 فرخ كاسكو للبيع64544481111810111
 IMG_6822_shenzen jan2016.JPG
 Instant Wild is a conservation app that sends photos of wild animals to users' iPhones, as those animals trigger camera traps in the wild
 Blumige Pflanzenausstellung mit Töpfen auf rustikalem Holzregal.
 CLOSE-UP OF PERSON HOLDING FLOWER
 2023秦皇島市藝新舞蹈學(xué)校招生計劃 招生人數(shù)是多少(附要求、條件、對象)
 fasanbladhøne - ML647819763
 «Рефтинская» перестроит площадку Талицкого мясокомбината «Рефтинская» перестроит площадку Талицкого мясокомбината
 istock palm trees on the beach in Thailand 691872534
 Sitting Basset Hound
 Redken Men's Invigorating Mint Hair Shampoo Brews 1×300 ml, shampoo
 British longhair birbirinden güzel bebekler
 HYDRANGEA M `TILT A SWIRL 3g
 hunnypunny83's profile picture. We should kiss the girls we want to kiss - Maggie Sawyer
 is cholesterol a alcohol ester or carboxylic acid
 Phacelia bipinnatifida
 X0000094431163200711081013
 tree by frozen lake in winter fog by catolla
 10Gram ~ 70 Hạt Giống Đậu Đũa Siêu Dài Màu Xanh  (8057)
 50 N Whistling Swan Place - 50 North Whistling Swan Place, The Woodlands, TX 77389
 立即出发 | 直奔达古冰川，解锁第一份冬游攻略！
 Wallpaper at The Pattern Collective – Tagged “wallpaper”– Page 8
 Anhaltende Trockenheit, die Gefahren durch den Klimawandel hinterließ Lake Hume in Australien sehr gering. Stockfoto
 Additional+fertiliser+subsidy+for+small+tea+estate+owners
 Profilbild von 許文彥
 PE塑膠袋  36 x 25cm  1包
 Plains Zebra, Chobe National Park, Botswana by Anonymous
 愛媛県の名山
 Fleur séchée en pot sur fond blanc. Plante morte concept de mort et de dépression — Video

Try it:
Give back all the records above exactly. Keep every word.

Exercise solution:
 فرخ كاسكو للبيع64544481111810111
 IMG_6822_shenzen jan2016.JPG
 Instant Wild is a conservation app that sends photos of wild animals to users' iPhones, as those animals trigger camera traps in the wild
 Blumige Pflanzenausstellung mit Töpfen auf rustikalem Holzregal.
 CLOSE-UP OF PERSON HOLDING FLOWER
 2023秦皇島市藝新舞蹈學(xué)校招生計劃 招生人數(shù)是多少(附要求、條件、對象)
 fasanbladhøne - ML647819763
 «Рефтинская» перестроит площадку Талицкого мясокомбината «Рефтинская» перестроит площадку Талицкого мясокомбината
 istock palm trees on the beach in Thailand 691872534
 Sitting Basset Hound
 Redken Men's Invigorating Mint Hair Shampoo Brews 1×300 ml, shampoo
 British longhair birbirinden güzel bebekler
 HYDRANGEA M `TILT A SWIRL 3g
 hunnypunny83's profile picture. We should kiss the girls we want to kiss - Maggie Sawyer
 is cholesterol a alcohol ester or carboxylic acid
 Phacelia bipinnatifida
 X0000094431163200711081013
 tree by frozen lake in winter fog by catolla
 10Gram ~ 70 Hạt Giống Đậu Đũa Siêu Dài Màu Xanh  (8057)
 50 N Whistling Swan Place - 50 North Whistling Swan Place, The Woodlands, TX 77389
 立即出发 | 直奔达古冰川，解锁第一份冬游攻略！
 Wallpaper at The Pattern Collective – Tagged “wallpaper”– Page 8
 Anhaltende Trockenheit, die Gefahren durch den Klimawandel hinterließ Lake Hume in Australien sehr gering. Stockfoto
 Additional+fertiliser+subsidy+for+small+tea+estate+owners
 Profilbild von 許文彥
 PE塑膠袋  36 x 25cm  1包
 Plains Zebra, Chobe National Park, Botswana by Anonymous
 愛媛県の名山
 Fleur séchée en pot sur fond blanc. Plante morte concept de mort et de dépression — Video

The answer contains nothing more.